Copying exactly, give the lines in the material below from the one with "Chania Central Renovated Studio ハニア" to the one with "Levi Strauss Signature", ends included, and nothing besides.

(Provided data):
--- START ---

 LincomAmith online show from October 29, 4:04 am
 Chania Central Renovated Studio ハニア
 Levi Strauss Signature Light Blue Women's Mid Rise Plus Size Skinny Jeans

--- END ---
--- START ---

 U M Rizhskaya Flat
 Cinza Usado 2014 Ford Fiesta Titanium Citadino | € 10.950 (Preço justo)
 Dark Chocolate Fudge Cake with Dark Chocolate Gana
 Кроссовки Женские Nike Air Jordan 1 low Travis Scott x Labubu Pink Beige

--- END ---

(Task output):
 Chania Central Renovated Studio ハニア
 Levi Strauss Signature Light Blue Women's Mid Rise Plus Size Skinny Jeans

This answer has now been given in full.